Though we're kind of dancing around the somber, melancholy elephant in the room that is the show's framing story.
While thankfully not quite as deliberately traumatizing as the epilogues to each Stars Align episode, Kakushigoto sure loves to spend the last two minutes of every week reminding us that Hime is now sad and alone for some yet-undisclosed reason!
It's this ongoing tease that something happened to Kakushi in the time between Hime being 10 and turning 17. We don't know what, and that scares me because this could either be a super sad story about a family trying to hold it together and failing, OR it's the longest windup in history for a dick joke. And knowing Kumeta I cannot for the life of me predict which one it'll be.
It legit only works as well as it does because it's Kumeta doing it, and that's just diabolical.

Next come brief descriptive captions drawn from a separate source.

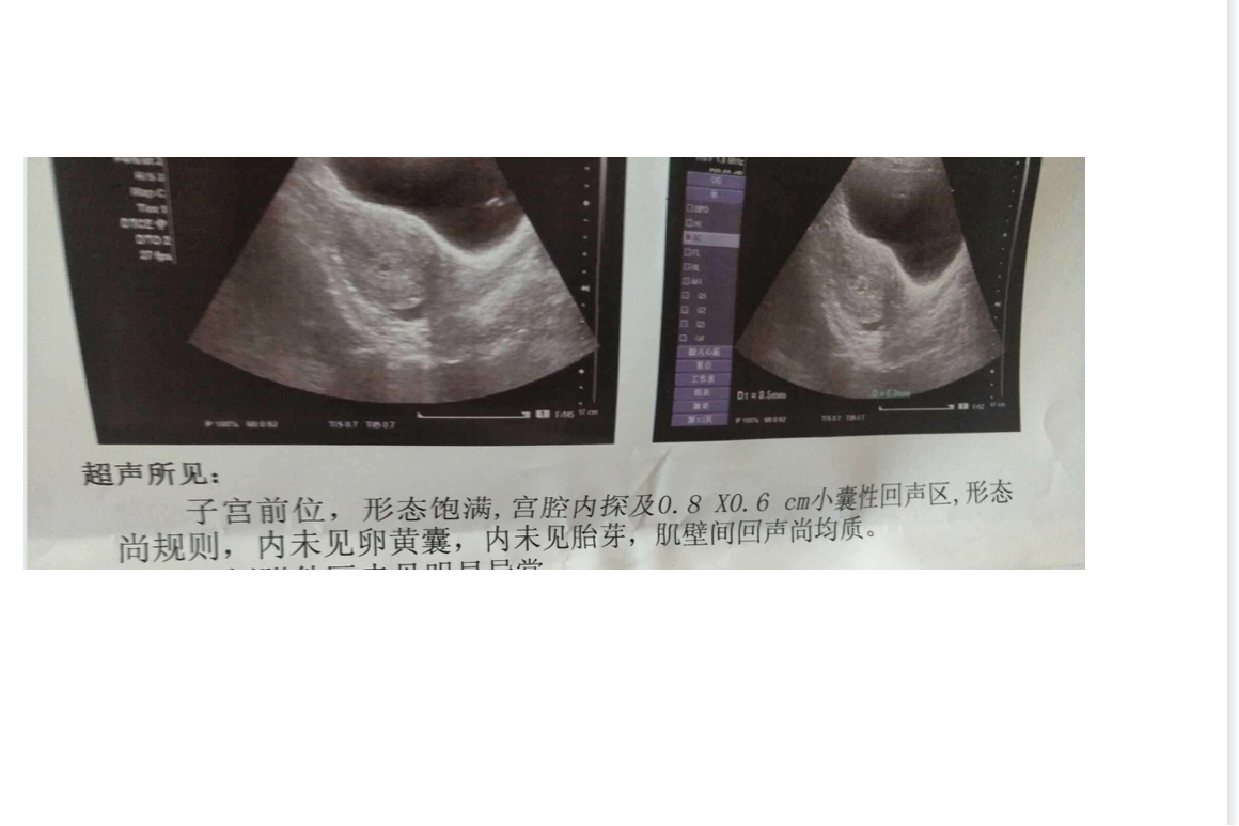 怀孕38天孕囊大小图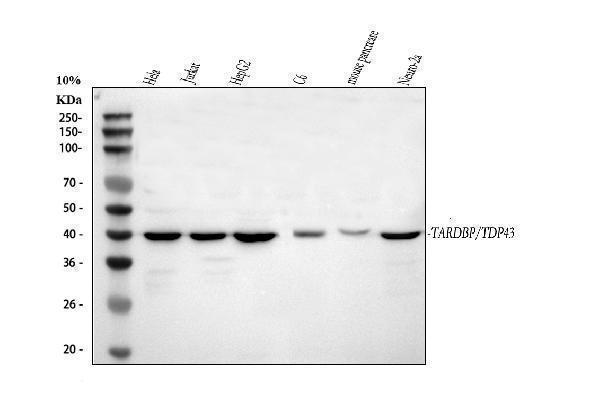  Western blot analysis of TDP-43/TARDBP using anti-TDP-43/TARDBP antibody (A01001-3)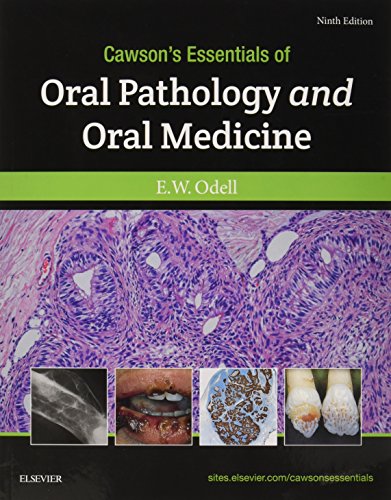 9780702049828: Cawson's Essentials of Oral Pathology and Oral Medicine, 9e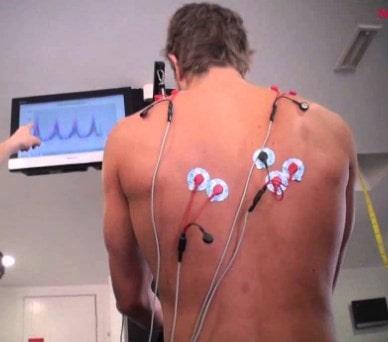 Diagnóstico de la Radiculopatía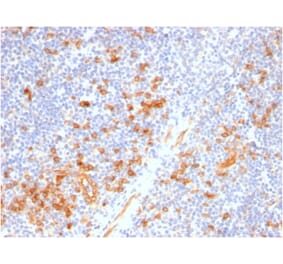 Immunohistochemistry - Anti-IL3RA Antibody [IL3RA/2947R] (A249024) - Antibodies.com
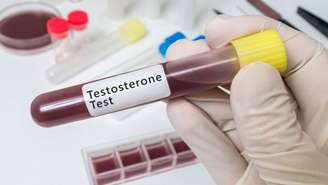 O uso do suplemento de testosterona só é recomendado se houver um diagnóstico médico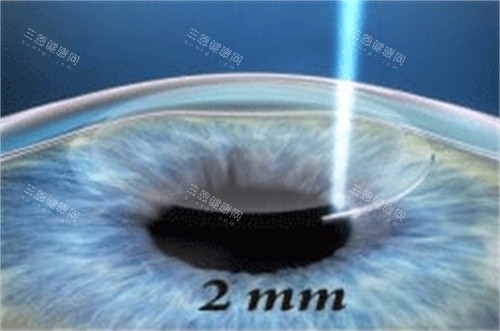 上海五官科医院眼科近视手术费用：全飞秒20000+半飞秒15000+晶体植入32000+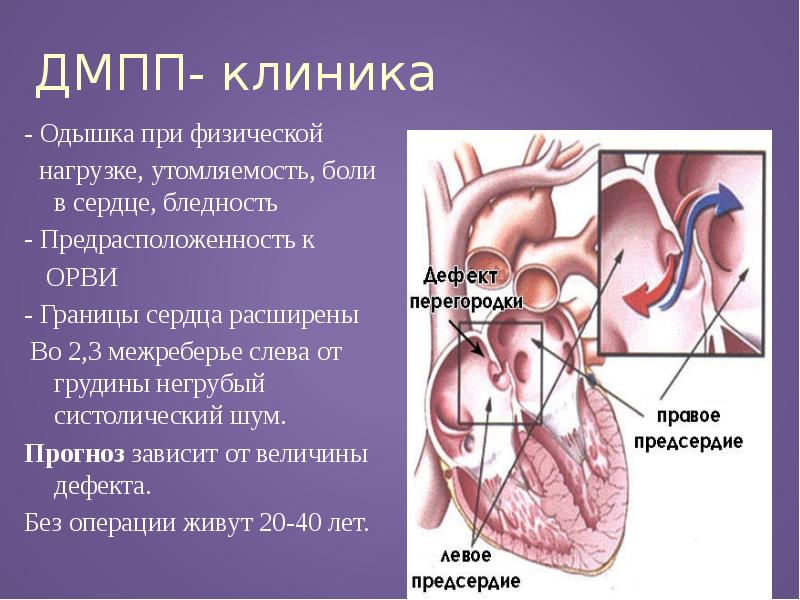 Впс у детей презентация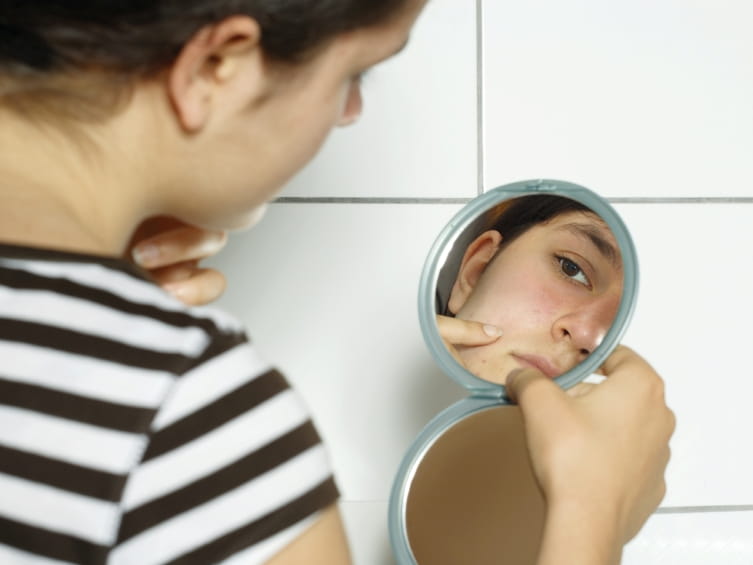 Acne treatment sharethis share topical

So basically we get to spend an entire anime season bracing for a punch to the nose or a kick to the nads. It's very stressful.
And I wouldn't have it any other way! I'm really enjoying Kumeta's refinement of his storytelling and comedic formulas, and it's nice to see him use his powers for good. Sometimes.
"For good" is a tad subjective. Some of these puns are outright criminal.
Look, you're not the one who's had to spend at least a paragraph of each episode review breaking down some of these absolutely untranslatable ones.

I knew the hell I was getting into, and yet I volunteered for it all the same.
I guess you could say...Kōji Kumeta's puns have left me in despair.